Не в “метком словце” поэзия, не в афористичности, не в удачной формулировке, привитых нашей поэзии ее советским периодом, а в законе, вложенном музами и богами в буквы. Буквы не помнят о минуте, когда это случилось, как мы о топографии Рая, но мазок пыльцы с цветов, от названий которых они произошли, стерся не до конца. Осталась тень отпечатка с отпечатка с отпечатка. И это дает буквам власть выносить заключение, поэзия ли то, во что они сложились в тексте. То, что по-немецки, у Гейне, — ель, по-русски будет верно, как у Лермонтова: сосна. Приговор алфавита стихам не переводится на язык рецензии, и поэты, разумеется, не сориентированы на комбинацию, которая выходит из-под пера (и уж совсем безумием было бы им заниматься намеренным составлением “правильной” комбинации). Но отдельные среди них, что бы и про что они ни писали: про одноглазого циклопа, спуск в ад, тучную проститутку, чуму, нищих старушек, сероглазого короля, неизвестного солдата, — по общему рисунку видят, каков этот приговор, чутьем разумеют суть заключения. Шестым чувством они воспринимают исходящий от букв сигнал — как пилот, пробегающий глазами не по показаниям приборов, но охватывающий целиком картину приборной доски — благополучную или искаженную. А еще лучше — как пилот, бросающий взгляд на ночное небо за окном кабины и по нечитаемому, хотя и явно что-то неотменимое передающему тексту звезд понимающий, верен ли курс полета.

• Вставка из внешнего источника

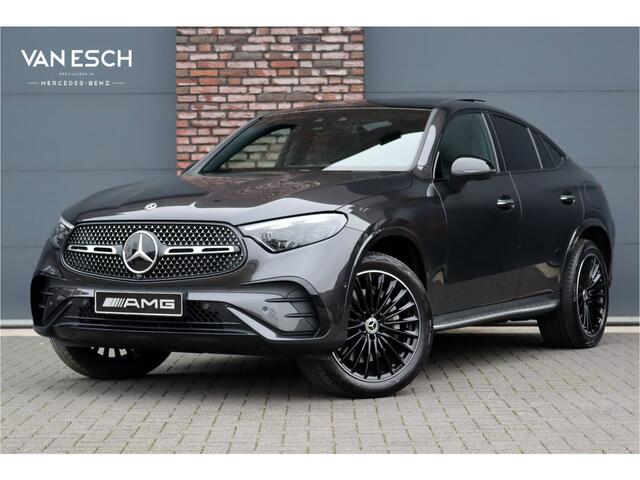 Mercedes-Benz GLC-KLASSE Coupé 300e 4MATIC Premium AMG Line | Distronic+ | Burmester | Memory | Trekhaak | Panoramadak | Surround Camera | Keyless Go | Digital Light | Rijassistentiepakket+ |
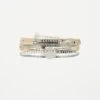 Bracelet Multishell (Acier) -Bijoux Fantaisie bracelet multishell acier nude
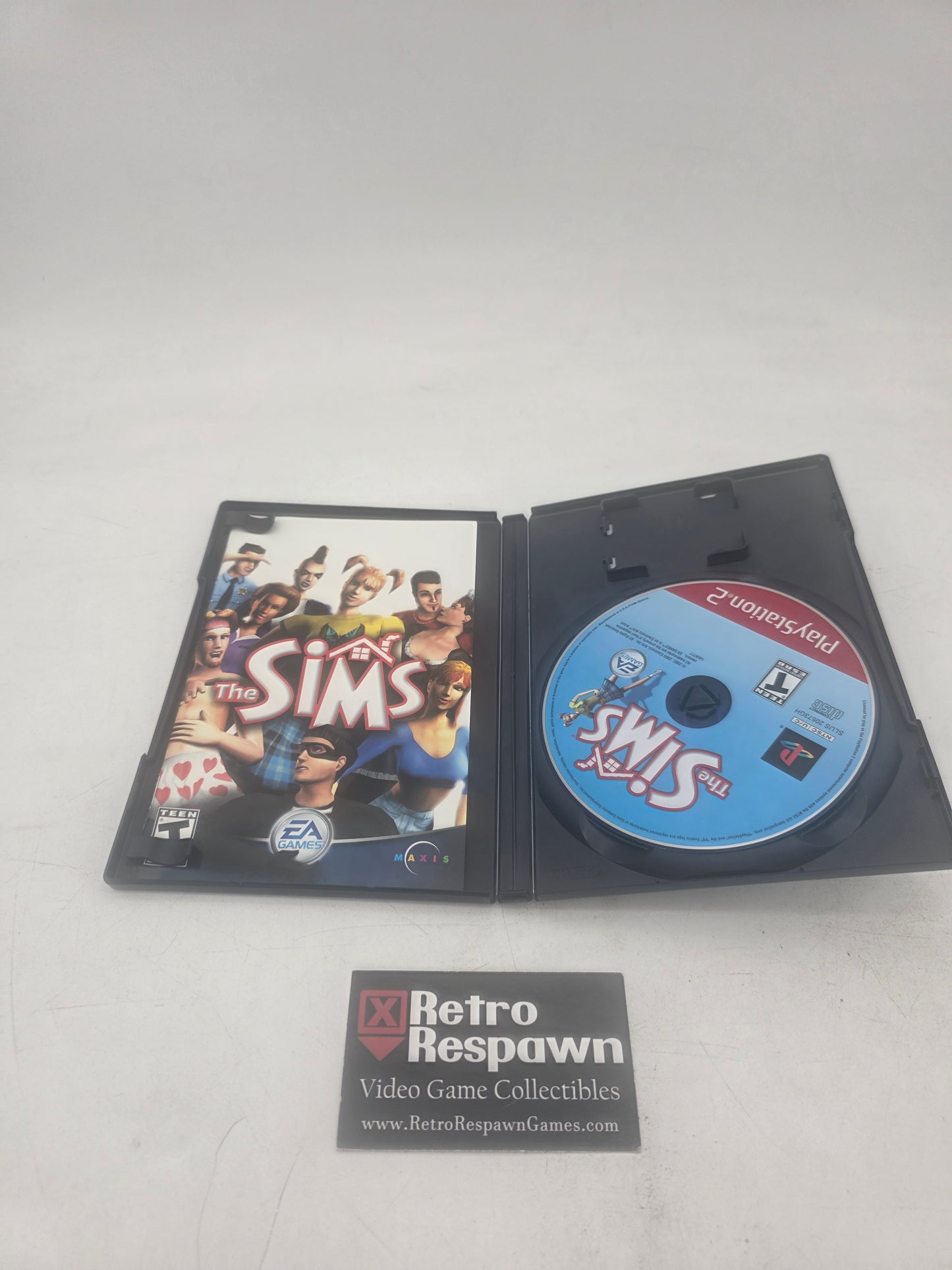 The Sims [Greatest Hits] - Playstation 2 (Complete)
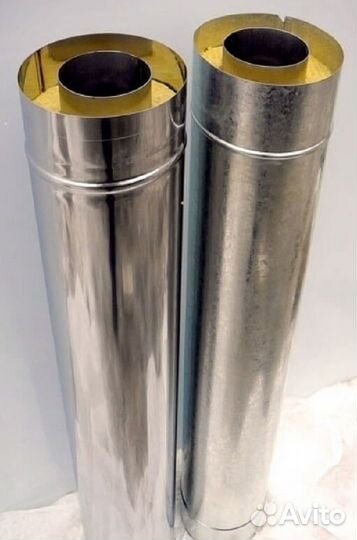 Сендвич Труба L1000 тт-Р (430-0,8/430) 115/200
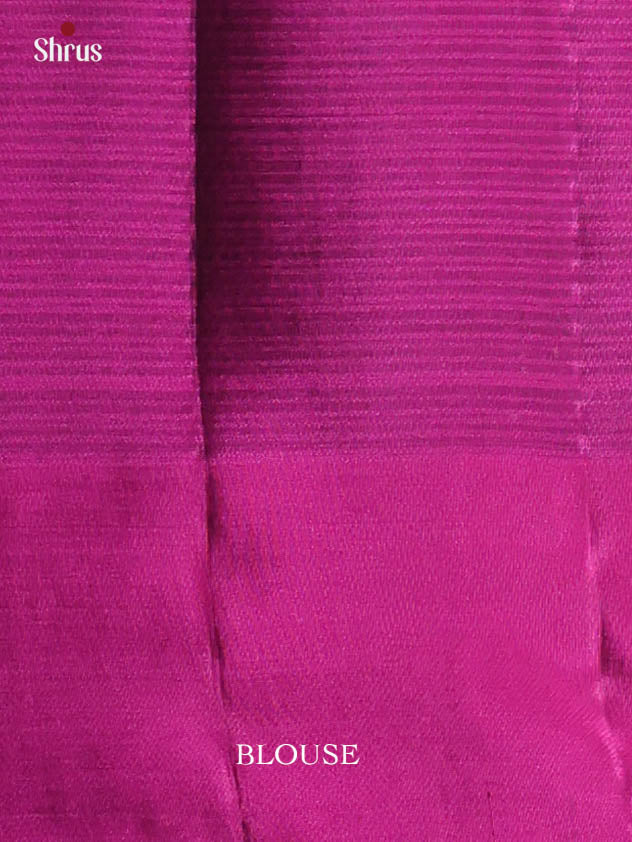 Black & Purple - Softsilk-halfpure Saree - Shop on Shrus.com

Поэт вовсе не тот, кто пишет стихи для журнала и книги, а тот, кто читает иероглифы, которые крыльями и всем своим телом пишут летящие журавли, и переводит их в понятный нам, хотя и всегда сколько-то таинственный, даже когда кажется простым, смысл. Так сложилось за последние “пару-тройку” тысячелетий. С какой бы стати нам это менять?

На первый взгляд все это кажется далеким от нынешнего порядка вещей, в котором поэзия играет роль в лучшем случае факультативную. Что делать, так оно получилось, никто не спорит. Но примиряться с таким положением дел — все равно что примиряться с заболачиванием или эрозией земли. Дескать, да, трясина, да, пыльные бури — так живем. Если у поэзии есть социальная функция, то это не регистрация наличной действительности, а обнаружение ее неполноценности. Из плоскостей биологической, экономической, этической она выводит ее в сферу религиозную — как правило, незамечаемую или ограничиваемую только эстетическими критериями, но от этого не менее непреложную. Поэзия занимается необузданностью и неистовством жизни, а не необычностью описывающих ее слов.